Too often, I hear people say the number one reason they’re against data center development is water use. Heatmap’s data shows water consumption is historically the reason cited most often by activists when opposing projects. This complaint, they often say, is rooted in the fear that this nascent buildout of AI infrastructure will simply draw so much H2O it will leave little liquid left for the rest of us.
I spent weeks trying to understand how real the water use problem is when it comes to data centers, reading research and speaking to some of the world’s leading academics, large tech firms, and environmental advocates to make my best attempt at answering some of the most important questions being asked about data centers.

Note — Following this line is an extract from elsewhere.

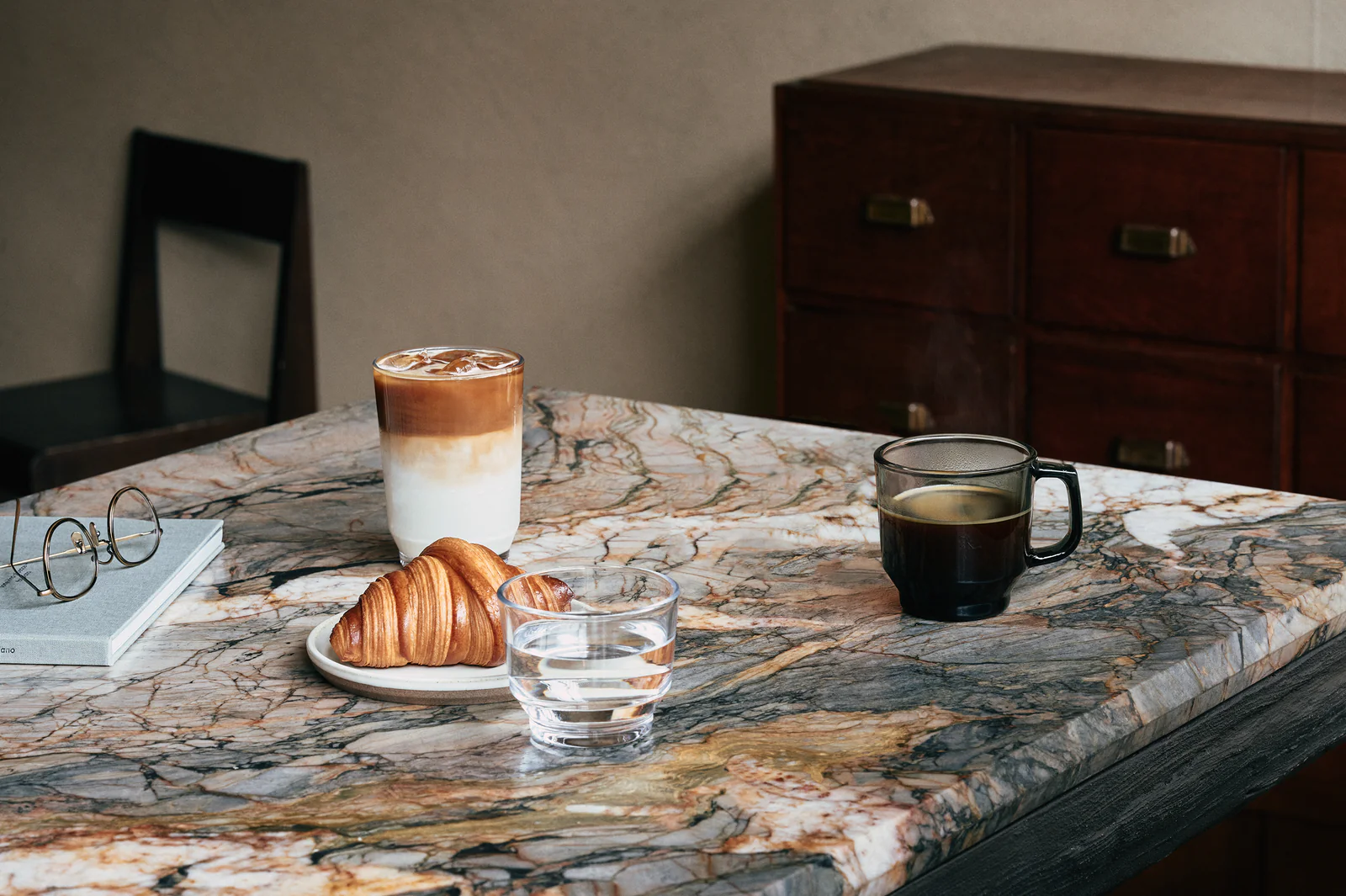 Minimalist Design for Daily Rituals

Before I jump into this thicket, a few caveats. I’m not going to address the host of water pollution concerns many have raised about data centers because that is for a future article. If you want me to dissect how Rep. Alexandria Ocasio-Cortez got a jar of dirty water near a Meta data center, that was poor construction practices – not a data center’s water demand. By that same token, if you're itching for me to find out how much PFAS is in data center water, I’m not delving into that here, though I’ll just say PFAS is everywhere and isn’t a data center-specific issue.
So are there problems with AI data centers’ water use? Yes. Are data centers using too much water for society to handle? It depends on what “too much” means to you. Is the AI data center boom going to usher in a new era of drought across the United States? Probably not, but there’s a few places we should be mindful of.

Researchers told me data center water use is a painfully understudied topic rendered more obscure by a lack of public information about individual H2O consumption at the project level. Those I spoke to were split on how seriously to take the topic.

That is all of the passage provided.